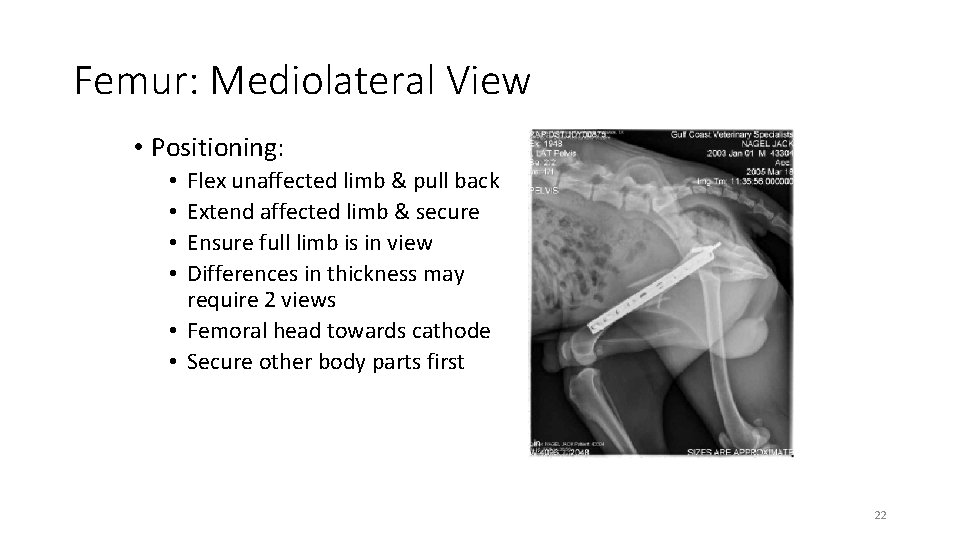 Femur: Mediolateral View • Positioning: Flex unaffected limb & pull back Extend affected limb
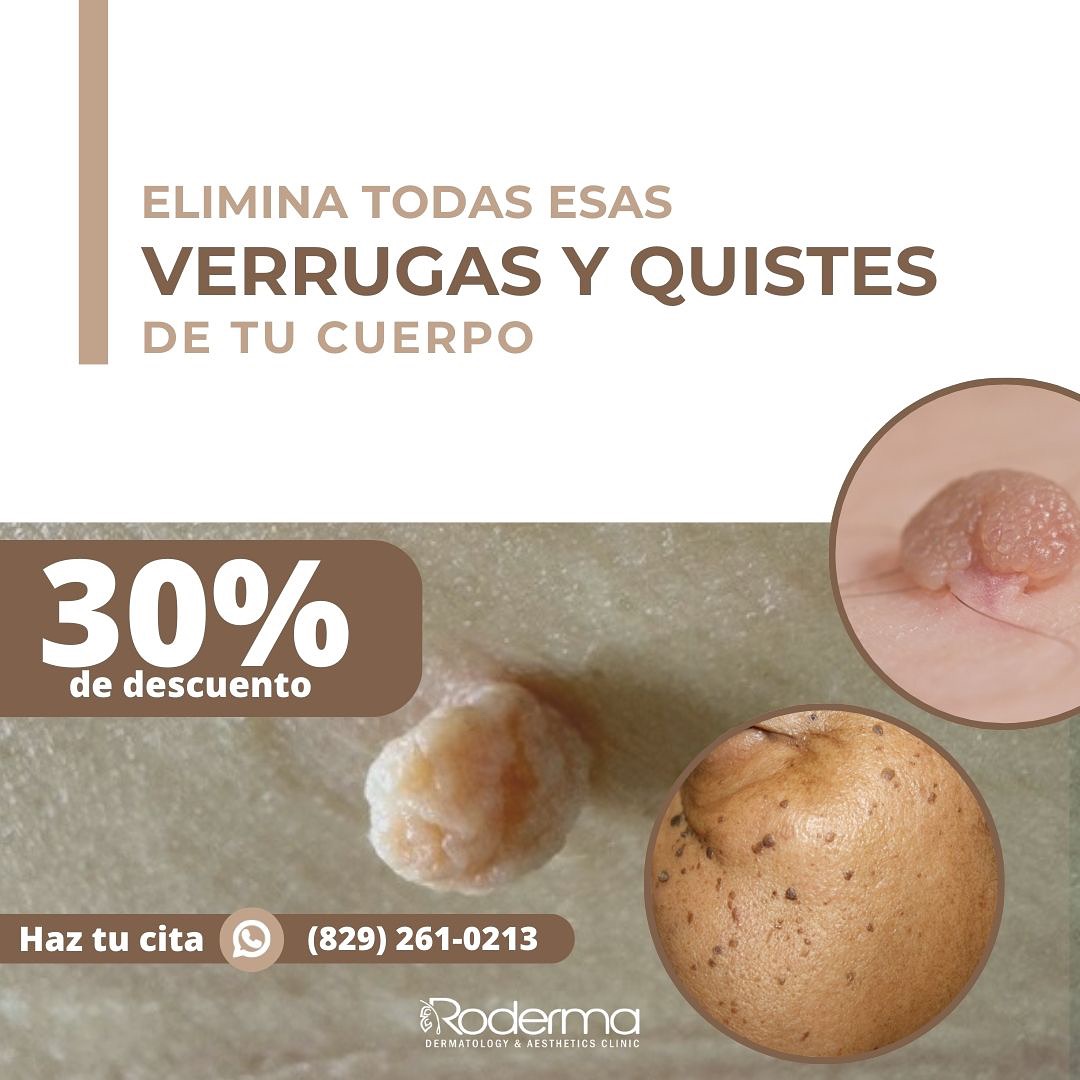 Roderma - Centro de Dermatología y Medicina Estética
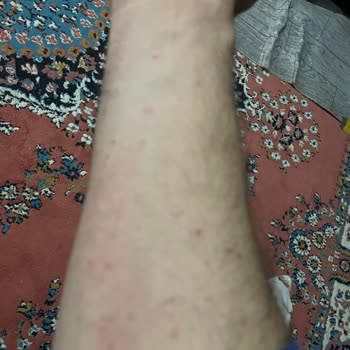 Alerjik Reaksiyon Ve Cilt Sorunları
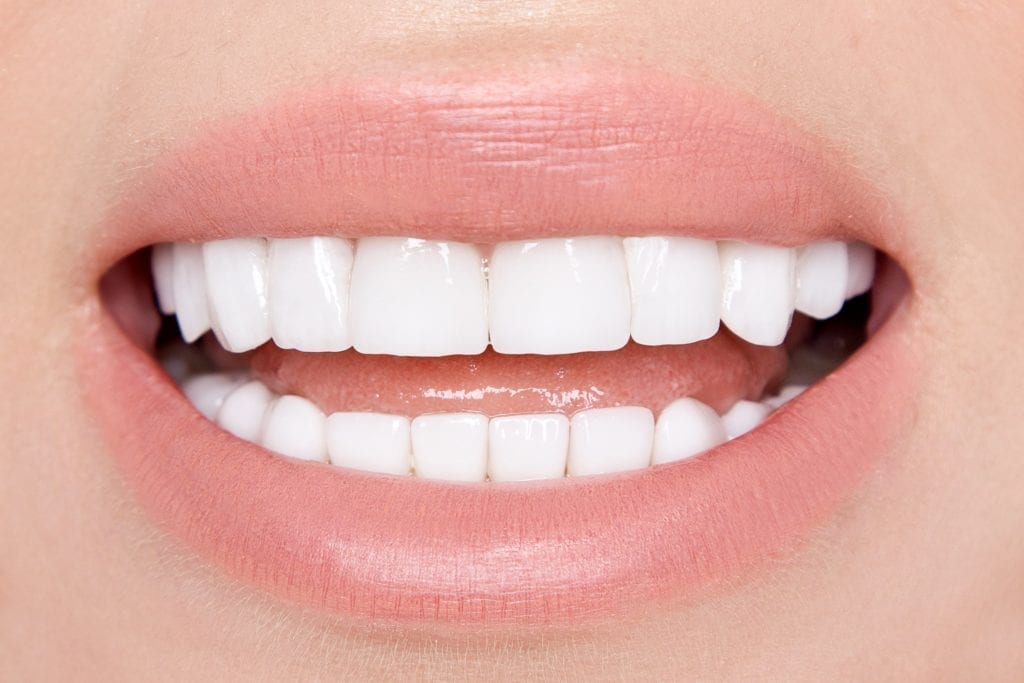 smile with veneers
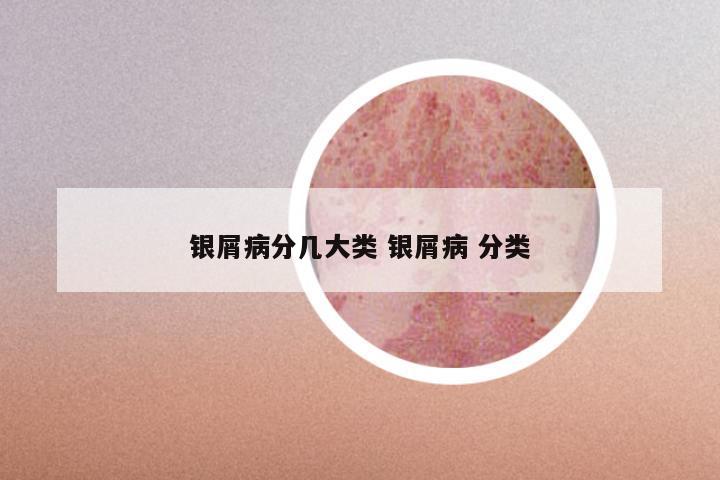 银屑病分几大类 银屑病 分类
***
__Your objective__
Please reproduce the listing exactly, leaving out any pictures.

__Answer section__
 Femur: Mediolateral View • Positioning: Flex unaffected limb & pull back Extend affected limb
 Roderma - Centro de Dermatología y Medicina Estética
 Alerjik Reaksiyon Ve Cilt Sorunları
 smile with veneers
 银屑病分几大类 银屑病 分类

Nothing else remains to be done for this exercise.